3rd anniversary of 2019 Chicago Teachers Union strike gives glimpse of Amendment 1

Mailee Smith

Senior Director of Labor Policy and Staff Attorney

Mailee Smith
October 17, 2022

3rd anniversary of 2019 Chicago Teachers Union strike gives glimpse of Amendment 1

The Chicago Teachers Union has a history of demanding contract provisions far beyond wages and benefits. If Amendment 1 passes in November, government unions such as CTU will have a right to demand virtually anything and go on strike to get those demands met.

Three years ago, the Chicago Teachers Union walked out on students. The strike lasted 11 school days, and the resulting five-year contract is estimated to cost taxpayers $1.5 billion.

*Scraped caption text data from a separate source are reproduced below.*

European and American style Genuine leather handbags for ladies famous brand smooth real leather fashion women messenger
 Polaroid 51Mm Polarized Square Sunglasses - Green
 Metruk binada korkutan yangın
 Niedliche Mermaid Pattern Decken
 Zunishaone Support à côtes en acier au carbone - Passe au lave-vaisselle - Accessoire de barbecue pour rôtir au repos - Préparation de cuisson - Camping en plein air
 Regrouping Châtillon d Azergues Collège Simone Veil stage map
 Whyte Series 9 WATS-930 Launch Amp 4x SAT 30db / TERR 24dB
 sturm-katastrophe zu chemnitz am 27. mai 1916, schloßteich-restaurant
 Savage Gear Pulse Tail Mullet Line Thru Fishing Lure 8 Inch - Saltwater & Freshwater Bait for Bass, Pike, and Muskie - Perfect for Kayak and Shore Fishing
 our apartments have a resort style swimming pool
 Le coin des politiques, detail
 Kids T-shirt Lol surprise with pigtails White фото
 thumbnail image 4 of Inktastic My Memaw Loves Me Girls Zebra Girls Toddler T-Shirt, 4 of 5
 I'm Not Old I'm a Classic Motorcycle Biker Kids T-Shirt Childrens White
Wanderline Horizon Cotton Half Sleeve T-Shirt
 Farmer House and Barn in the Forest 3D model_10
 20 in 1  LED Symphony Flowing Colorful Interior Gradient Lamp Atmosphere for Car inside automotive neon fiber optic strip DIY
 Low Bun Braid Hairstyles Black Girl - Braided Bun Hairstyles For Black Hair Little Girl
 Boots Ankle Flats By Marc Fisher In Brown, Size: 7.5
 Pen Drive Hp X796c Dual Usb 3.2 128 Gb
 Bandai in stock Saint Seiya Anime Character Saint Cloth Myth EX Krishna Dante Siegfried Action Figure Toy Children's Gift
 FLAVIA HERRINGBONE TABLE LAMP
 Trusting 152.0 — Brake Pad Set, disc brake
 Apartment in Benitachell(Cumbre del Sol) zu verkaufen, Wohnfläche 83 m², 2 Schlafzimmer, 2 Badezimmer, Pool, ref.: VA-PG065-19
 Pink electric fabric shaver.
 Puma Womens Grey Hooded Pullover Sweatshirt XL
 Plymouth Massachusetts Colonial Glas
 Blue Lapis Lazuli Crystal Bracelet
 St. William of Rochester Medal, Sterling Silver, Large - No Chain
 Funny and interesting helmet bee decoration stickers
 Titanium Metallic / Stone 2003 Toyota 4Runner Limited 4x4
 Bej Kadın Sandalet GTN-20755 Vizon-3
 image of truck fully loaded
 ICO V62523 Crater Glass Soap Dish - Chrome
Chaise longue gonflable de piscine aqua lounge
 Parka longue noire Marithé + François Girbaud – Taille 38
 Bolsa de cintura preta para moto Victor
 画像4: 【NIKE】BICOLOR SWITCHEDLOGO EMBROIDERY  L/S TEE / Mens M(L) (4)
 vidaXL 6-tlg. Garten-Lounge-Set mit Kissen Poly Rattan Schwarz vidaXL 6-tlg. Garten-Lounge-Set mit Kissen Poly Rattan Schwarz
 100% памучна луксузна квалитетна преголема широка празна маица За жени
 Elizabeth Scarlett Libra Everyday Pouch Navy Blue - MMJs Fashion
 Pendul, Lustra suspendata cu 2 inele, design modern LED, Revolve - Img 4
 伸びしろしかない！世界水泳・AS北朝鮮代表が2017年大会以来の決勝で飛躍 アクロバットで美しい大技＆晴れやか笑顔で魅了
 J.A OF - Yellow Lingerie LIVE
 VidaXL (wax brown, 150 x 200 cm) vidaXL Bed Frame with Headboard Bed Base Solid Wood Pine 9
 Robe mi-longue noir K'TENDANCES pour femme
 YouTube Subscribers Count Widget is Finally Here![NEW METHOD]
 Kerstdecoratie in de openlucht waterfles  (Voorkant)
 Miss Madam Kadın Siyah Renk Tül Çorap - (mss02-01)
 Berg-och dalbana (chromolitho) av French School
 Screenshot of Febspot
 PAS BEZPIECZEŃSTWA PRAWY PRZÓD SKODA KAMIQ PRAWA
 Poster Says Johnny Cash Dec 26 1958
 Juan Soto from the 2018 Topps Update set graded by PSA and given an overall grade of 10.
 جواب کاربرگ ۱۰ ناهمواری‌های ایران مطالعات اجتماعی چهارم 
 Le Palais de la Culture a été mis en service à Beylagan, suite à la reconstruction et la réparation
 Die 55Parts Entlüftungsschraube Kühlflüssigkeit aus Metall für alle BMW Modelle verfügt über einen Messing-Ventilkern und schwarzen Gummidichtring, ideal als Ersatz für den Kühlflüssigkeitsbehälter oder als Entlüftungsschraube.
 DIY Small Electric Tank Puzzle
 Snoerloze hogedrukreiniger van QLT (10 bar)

That strike now provides an example of what’s at stake if Amendment 1 passes Nov. 8.

Government unions in Illinois already have a right to negotiate over a wide variety of subjects, including wages, hours and terms and conditions of employment.

But in 2019, CTU was demanding more. It also demanded “affordable housing” and other “housing goals.” CTU explained it wanted the district to “advocate for a city housing policy that creates affordable housing at a rate greater than or equal to the creation of market rate housing,” take the legislative position CTU wanted on “rent control” and institute a program to help its new teachers buy homes.

Experts admitted those types of subjects were outside the normal scope of bargaining, and that teachers unions continue expanding the scope of things they demand to include housing and social justice issues.

Ultimately, CTU’s “affordable housing” agenda failed to make it into the contract. But if Amendment 1 passes, Illinoisans can expect new subjects to be demanded in future negotiations by CTU and government unions all over the state.

Why? Because the amendment would allow government unions to demand broad new subjects under the label “economic welfare.” That isn’t defined, nor is it included in any other state constitution. It is completely untested and open-ended. Even proponents admit no one knows what could be included in new contracts should Amendment 1 pass.

Government union contracts already cost money. But because Amendment 1 would expand what can be negotiated – and give government unions a permanent right to go on strike to have their new demands met – the resulting, expanded contracts would cost even more.

And who would pay for the expensive new provisions? Taxpayers.

That cost could be covered by gas tax hikes, income tax hikes or other new taxes or fees. Just since Gov. J.B. Pritzker took office, Illinoisans have seen 24 new taxes and fees.

But the most likely source is increased property taxes. If property tax rates simply continue to increase at their long-run average rate, the typical homeowner will pay over $2,100 more in additional property taxes during the next four years.

Yet that’s just the baseline. Amendment 1 would likely accelerate that growth because it expands the bargaining power of government union bosses to negotiate over a nearly endless array of subjects, ultimately forcing all Illinoisans to pay the bill for costly contract concessions that carry more weight than state law and don’t exist in any other state. Exactly how much faster is an open question.

Voters all over Illinois can learn a lot from the history of CTU’s strikes. Even before Amendment 1, CTU was making demands that didn’t involve wages or benefits and went on strike – keeping kids out of school – in an attempt to force the district into caving.

If Amendment 1 passes, CTU and other government unions will have the power of the constitution to bludgeon government officials into meeting their expensive new demands. And taxpayers will be on the hook for it.